Laptop Buying Guide {From A To Z}!

  1. Determining What You Need

  2. Windows, Mac, or Linux?

  3. Finding a Form Factor

  4. Checking the Specs

  5. Going to the Store (or Website)

The laptop market has changed a lot over the last decade. No longer confined to the business world, laptops have become ubiquitous at school and at home. You can replace your desktop with a laptop, use it to watch movies in bed, or take it the road to do homework at a friend’s house. The sheer amount of choice when it comes to buying a laptop can be a little staggering, especially for new buyers. Armed with a little bit of research and knowledge though, and you’ll be able to buy with confidence.

 Step 1: Determining What You Need

-Consider the advantages of a laptop.

If you haven’t had a laptop before, it can be a good idea to consider the possible benefits of owning one. When compared with a desktop, laptops have quite a few advantages.

  1. You can take a laptop with you wherever you go, even abroad provided that you take a power adapter as well.

  2. Many laptops can do what we expect most desktops to do. While you may not be able to run the latest games at their highest settings, most modern laptops are quite capable for all different tasks.

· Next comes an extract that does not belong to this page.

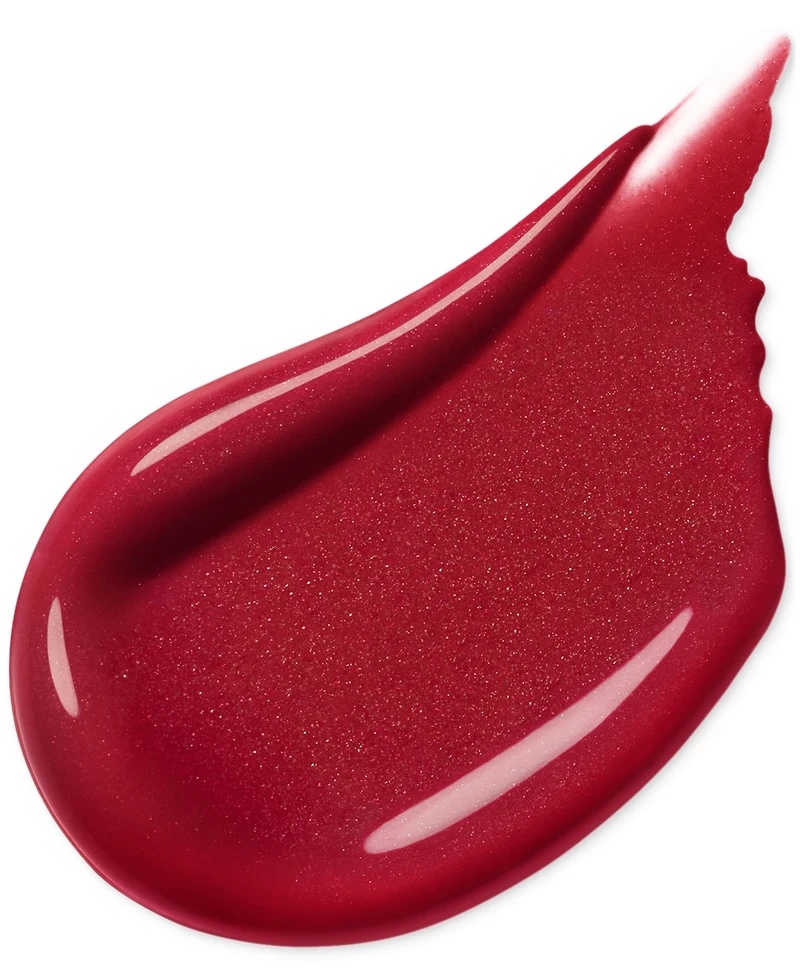 Cle de Peau Beaute The Precious Lipstick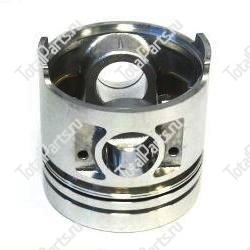 SIZE 88.25x86.08x28x50.9x ПОРШЕНЬ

  3. Laptops save on space and are easy to move out of the way. This makes them great for small apartments, or for using on your bedroom desk.

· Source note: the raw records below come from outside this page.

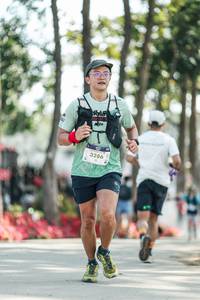 BIB: 
                            <button type="button" onclick="openModal(27353312)" class="btn btn-primary btn-sm float-right btn-popup" data-toggle="modal" data-target=".modal-high-quality">
                        <i class="fas fa-shopping-cart"></i> Add to Cart
                    </button>
                                            <button type="button" onclick="isThisMe(27353312, true)" class="btn btn-success btn-sm float-right btn-popup btn-isme hidden" data-toggle="tooltip" data-placement="bottom" title="นี่คือรูปของคุณใช่ไหม คลิกที่นี่เพื่อเอาเข้าอัลบั้ม">
                        <i class="fas fa-plus"></i> Add to album
                    </button>
                    <button type="button" onclick="isThisMe(27353312, false)" class="btn btn-warning btn-sm float-right btn-popup btn-isnotme hidden">
                        <i class="fas fa-ban"></i> Remove from album
                    </button>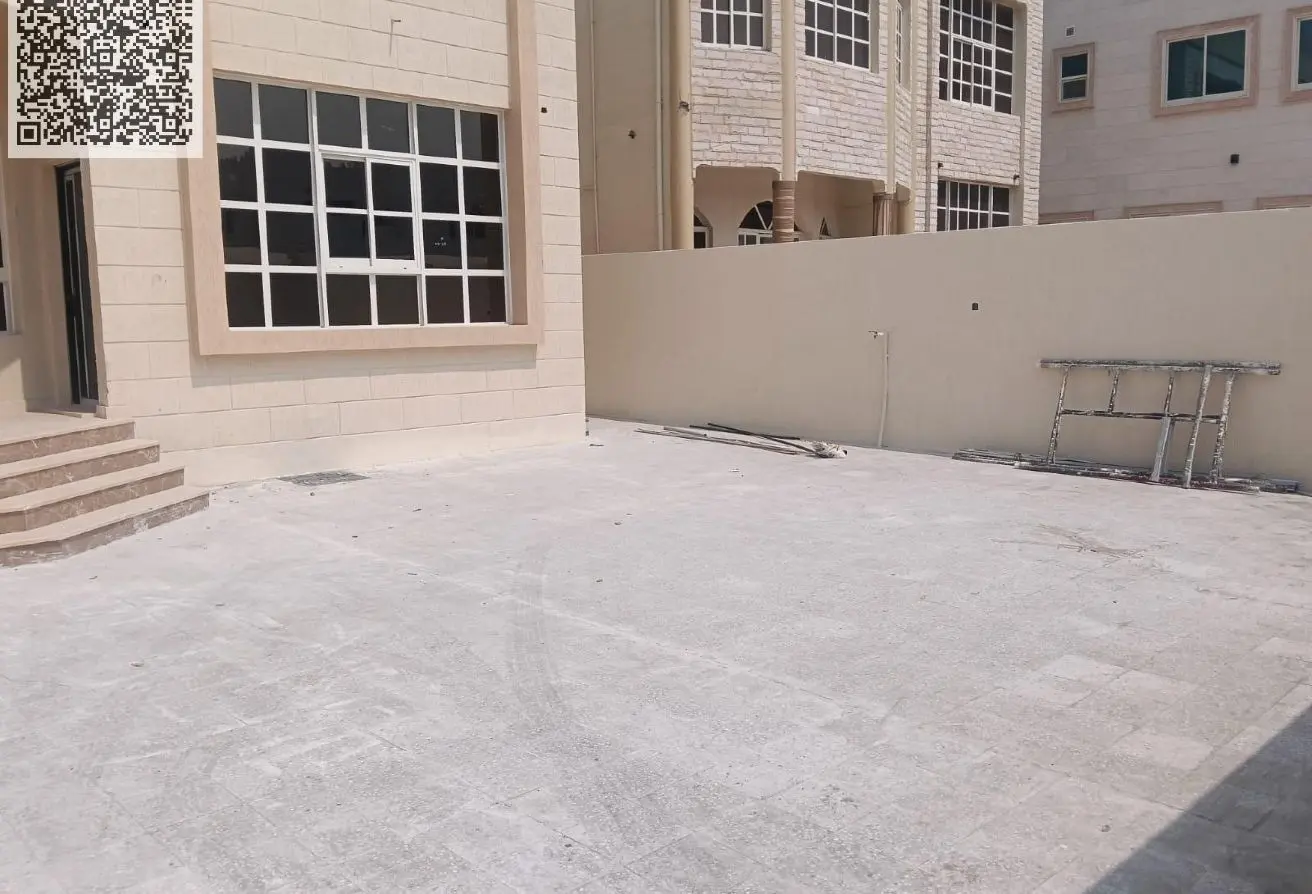 153730230 - Property Main Image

  4. Keep the negatives in mind. While laptops are great for portable computing, there are a few significant drawbacks. While these shouldn’t scare you away if you really want one, they are good to keep in the back of your mind while shopping.

  5. Laptops are easy to steal if you forget to take care when traveling with them.

  6. Their battery life isn’t extraordinarily long and can be frustrating if you want to work without electricity for a long period of time, such as on a plane or sitting at the shore near your vacation cottage. If you plan on traveling a lot, battery life will be very important to you.

  7. Because laptops typically can’t be upgraded like a desktop can, they can become obsolete quicker. This may mean you find yourself upgrading to a new laptop again in a few years.

-Think about what you’ll be using it for.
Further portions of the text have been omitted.